Episodes
An episode is the basic unit of a podcast: one installment, released on its own, that together with the rest makes up a series. The shape of an episode is mostly a matter of convention rather than rule. Many run somewhere between twenty minutes and an hour, long enough to fill a commute or a workout, though some come in under ten minutes and others stretch past three hours without apology.
Release rhythm matters as much as length. A weekly cadence is common because it gives an audience something to expect without asking too much of the people making it. Daily news shows push hard the other way.
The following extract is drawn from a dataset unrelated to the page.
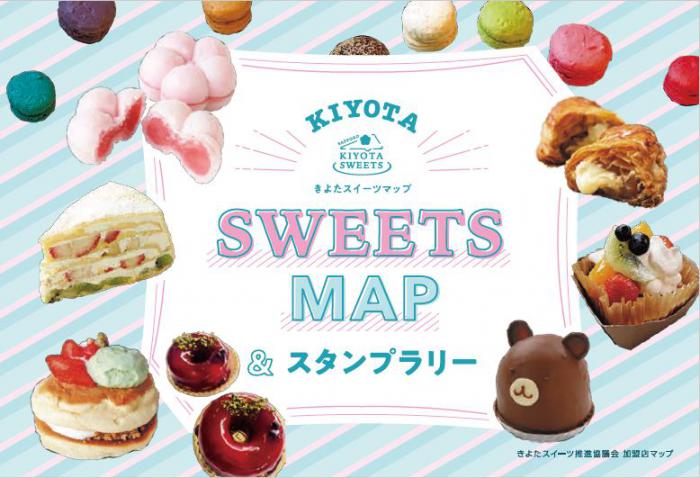 スタンプラリー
Limited runs do the opposite, dropping a fixed number of episodes and then stopping on purpose.
Standalone or serialized
Two broad approaches divide most shows. In a standalone format, each episode stands by itself and can be heard in any order, whether it is an interview, a single topic, or a self-contained story. Serialized shows tell one larger story across many episodes, where order is everything and skipping ahead ruins what comes later. Plenty of shows mix the two, slipping the occasional multi-part arc into an otherwise standalone run.
Numbering and seasons borrow openly from television. Grouping installments into seasons gives makers a natural place to pause, regroup, and return, and gives a new listener an obvious way in rather than a wall of several hundred episodes. The first one, often called a pilot, carries extra weight. It sets the tone, the pace, and the unspoken promise of what every later episode is meant to deliver.